Uphill battle
Weakness is starting to filter into flat prices as record activity in the physical window takes place
The week started auspiciously, trying to capture the sentiment of the previous week where there was greater activity in the physical oil market, which would undoubtedly have to filter into the flat price that has been trading within a range of 2 dollars. Any excuse would do, and the OFAC (Office of Foreign Assets Control) came to the rescue by sanctioning 35 tankers in a sort of showing some initiative for a problem that is getting away from them. Is it enough to modify the trade flows? No, but this market was looking for something to hold on to and this worked to remove some of the short positions, which were not that many.
From there, all the focus of attention was concentrated on the much-announced OPEC meeting, where the outcome was the expected, but we wanted to see how the relationship between members was after everything that was said. In the last edition we commented on the inconsistencies between members and it was also a topic of debate in the specialized media, sort of a public hanging.
To make a long story short, it was decided to postpone the cuts until the end of Q1 of 2025, but the most interesting thing is the period they are going to consider to dismantle the entire scheme that would now go until 2026. The market reaction was accordingly, some volatility around the announcement and then nothing. Enough has been said about OPEC ability to influence the market, less so when everybody can see what’s going on. What is still weird is the usual “independent” research shops trying to spin a positive story after this clusterfuck. I guess I’ll never be invited to Vienna… anyway
The story of the week remains the relentless activity in the physical market, at the Platts window in the North Sea and also in Dubai.

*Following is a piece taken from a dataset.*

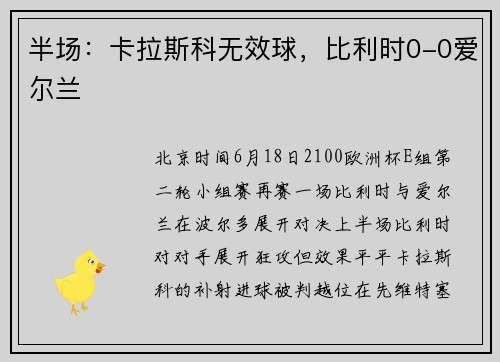 半场：卡拉斯科无效球，比利时0-0爱尔兰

Monday set the record for most cargoes traded ever in the window, 8. The strange thing this time is that this activity is not translating into activity in the futures market, which is still very heavy and slow to react. To tell the truth, this buoyant activity is not spilling over into better premiums either, which are eroding by 0.05 cents a day in the two benchmarks but are serving to prop up the other crudes in the surrounding regions such as the Mediterranean and West Africa, which have reversed some of their prevailing weakness.
As mentioned before, the Brent complex is a closed market that is trading with different dynamics and there are 4 crazy cats passing barrels to each other at somewhat inflated prices but some traders started to take notice, therefore, WTI started to sail towards the European coasts in quantities that have not been seen for months.